→ **What is required**
Print exactly the lines of the listing below from the one containing "2006 BALKANCAR EV30-4020S FORKLIFT - 叉车:图1 2006" through the final line, both included, and no pictures.

** Opening Data provided block **

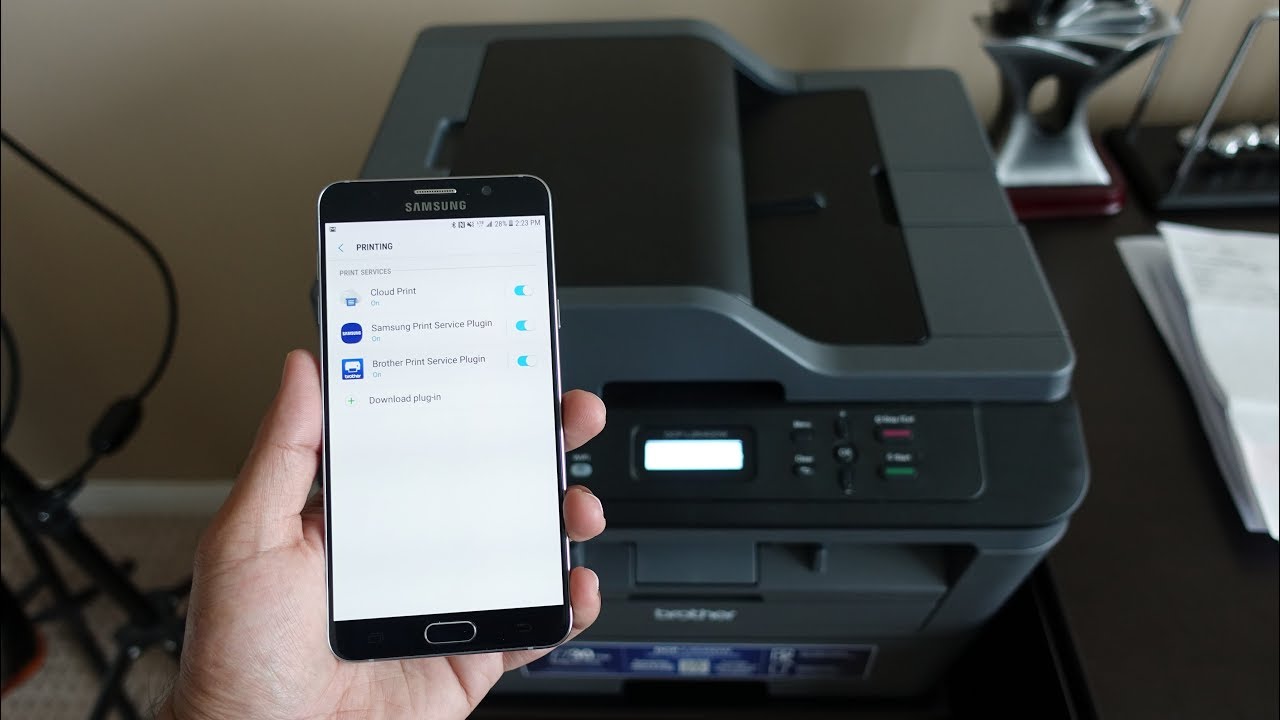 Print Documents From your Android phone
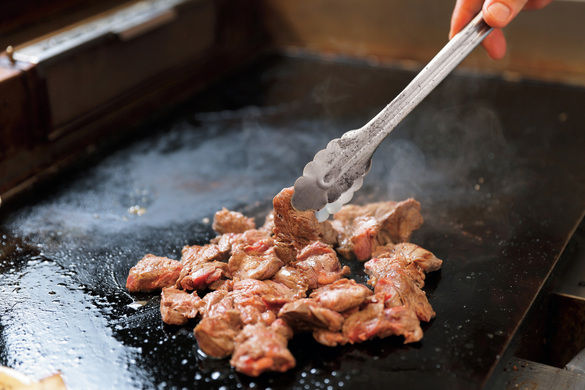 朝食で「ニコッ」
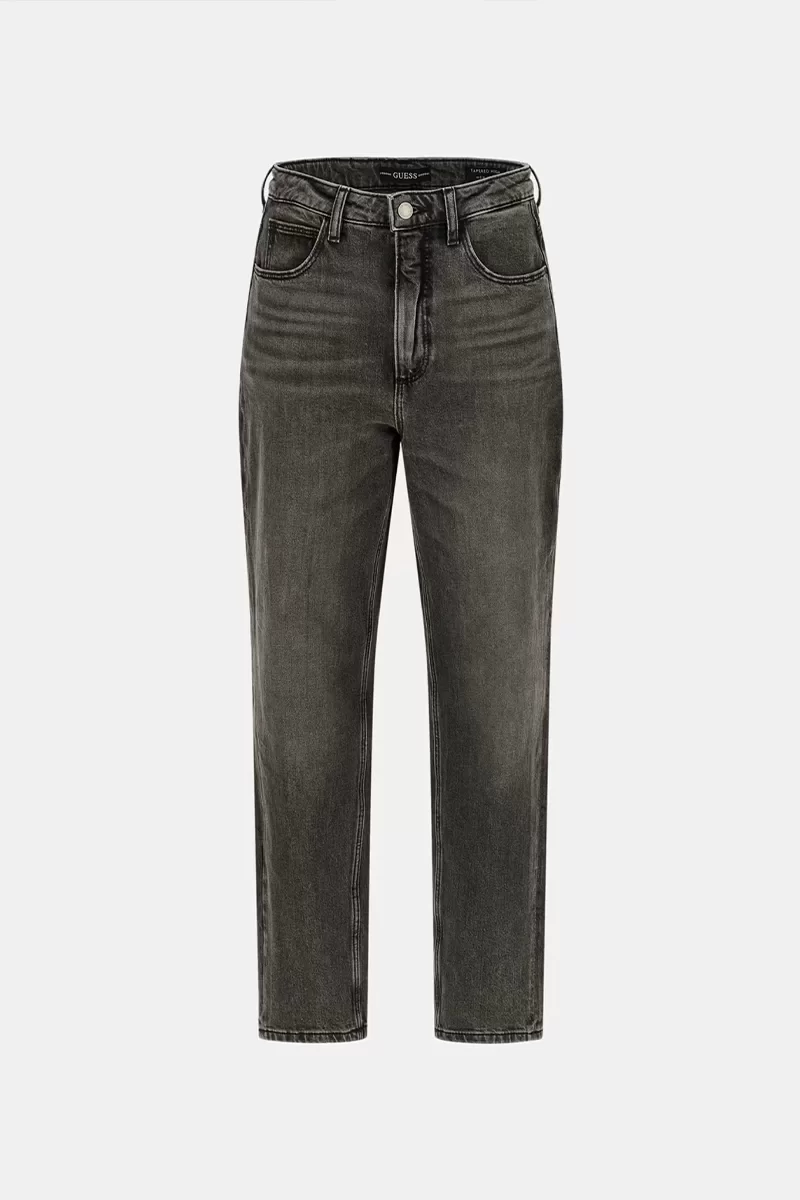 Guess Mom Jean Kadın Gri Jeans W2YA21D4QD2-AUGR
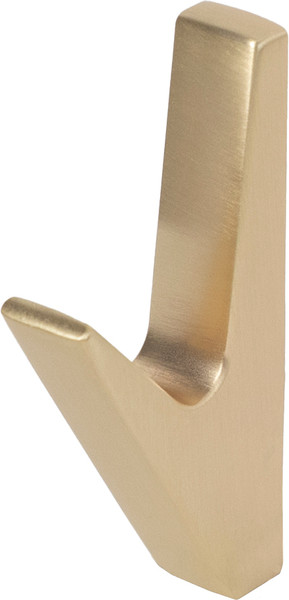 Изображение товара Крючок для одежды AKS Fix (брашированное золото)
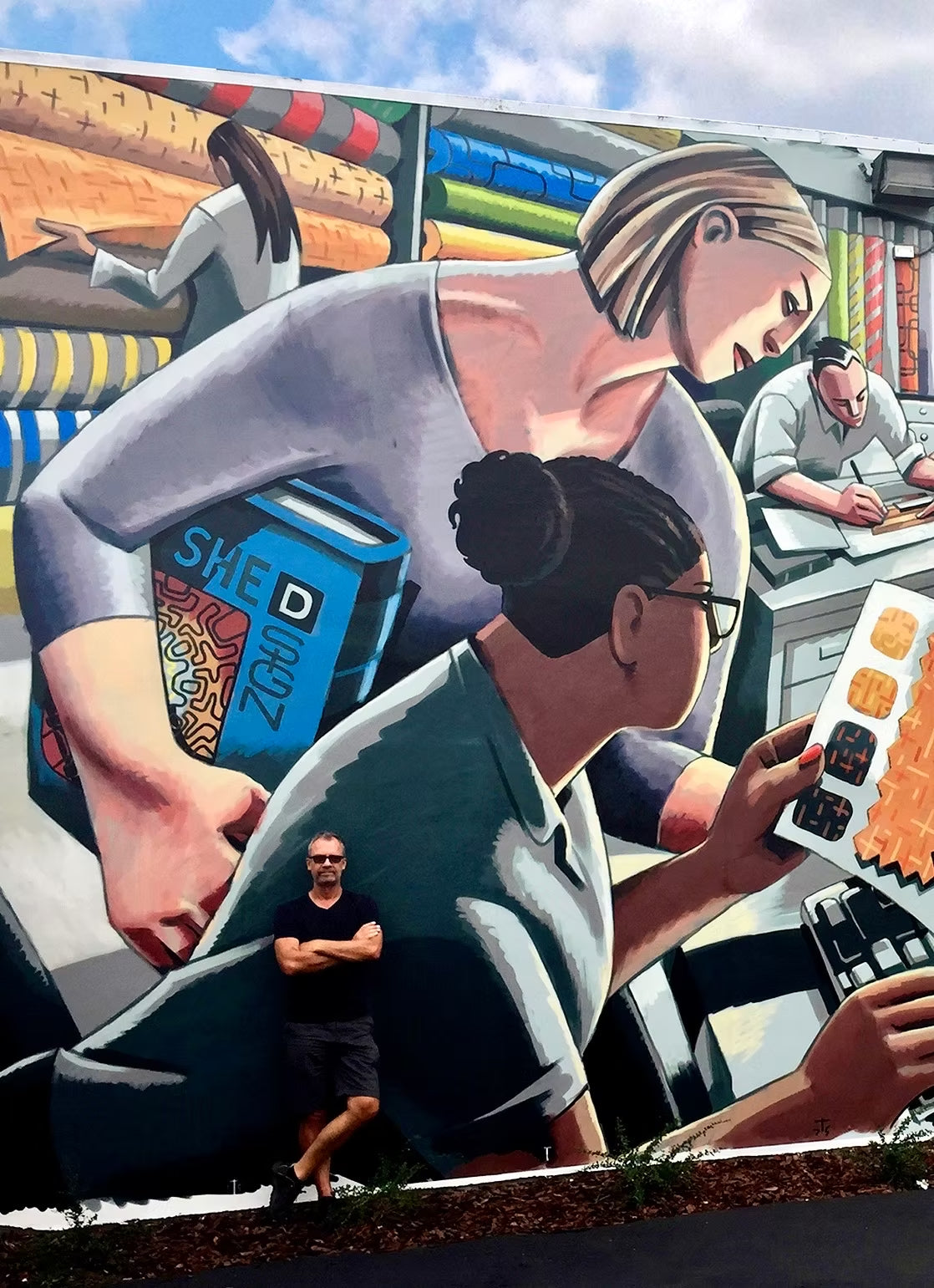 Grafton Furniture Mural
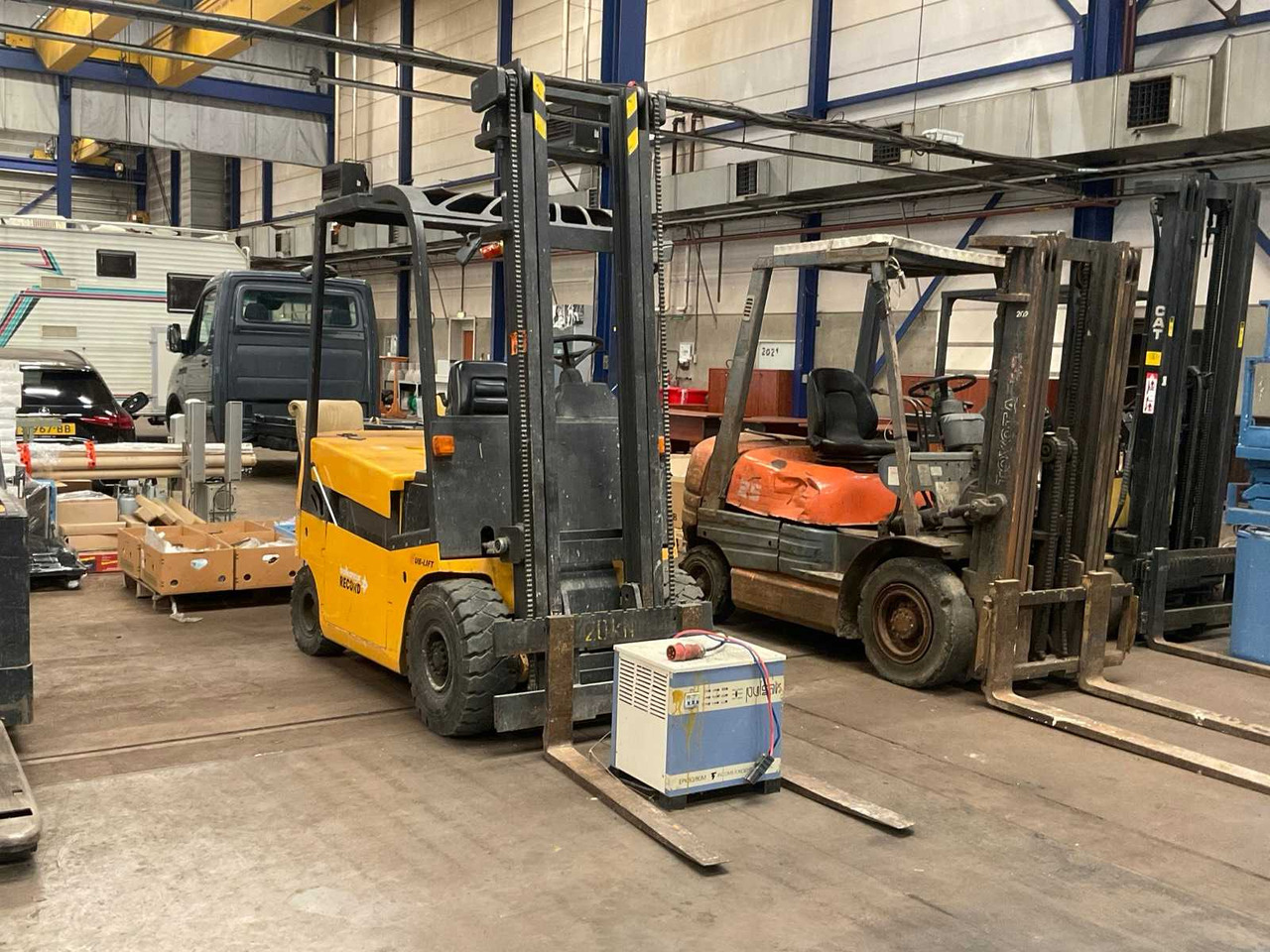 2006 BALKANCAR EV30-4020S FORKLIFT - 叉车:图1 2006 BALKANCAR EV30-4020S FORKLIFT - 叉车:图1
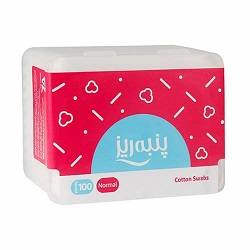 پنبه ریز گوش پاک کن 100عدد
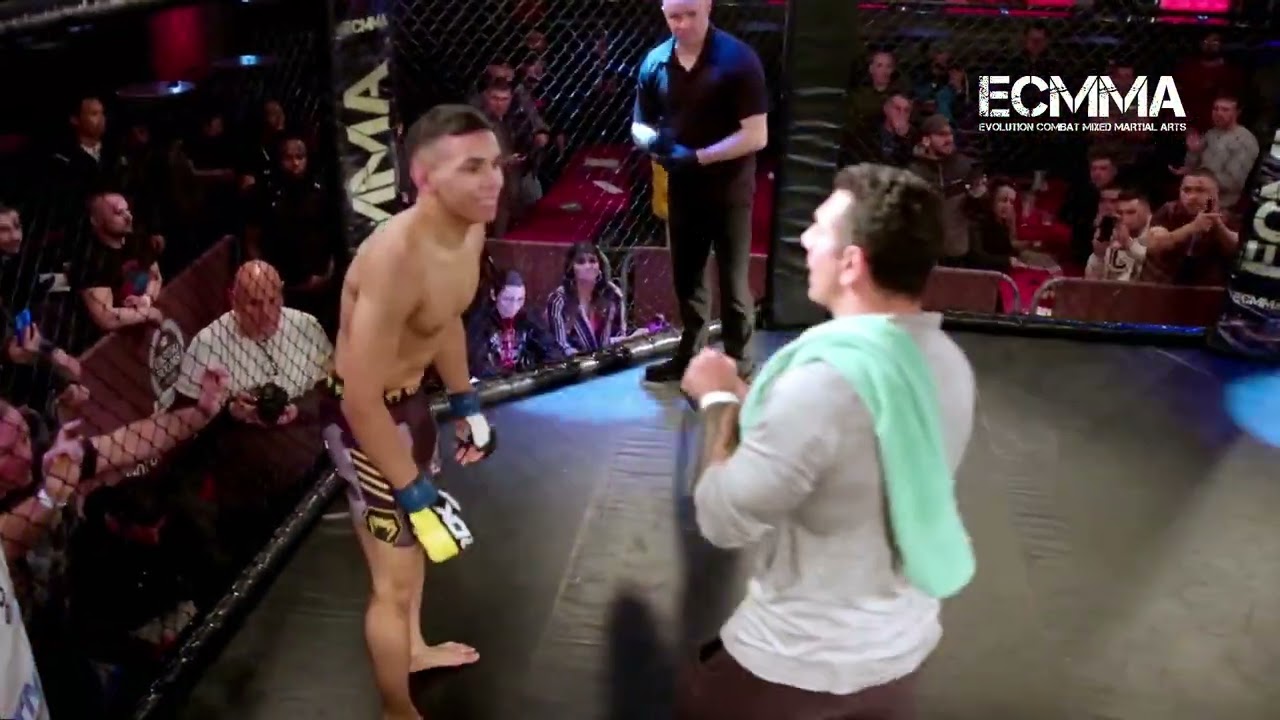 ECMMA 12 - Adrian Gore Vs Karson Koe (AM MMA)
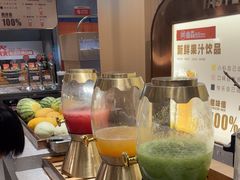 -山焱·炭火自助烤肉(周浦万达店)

** Closing Data provided block **

→ **Answer to the exercise**
 2006 BALKANCAR EV30-4020S FORKLIFT - 叉车:图1 2006 BALKANCAR EV30-4020S FORKLIFT - 叉车:图1
 پنبه ریز گوش پاک کن 100عدد
 ECMMA 12 - Adrian Gore Vs Karson Koe (AM MMA)
 -山焱·炭火自助烤肉(周浦万达店)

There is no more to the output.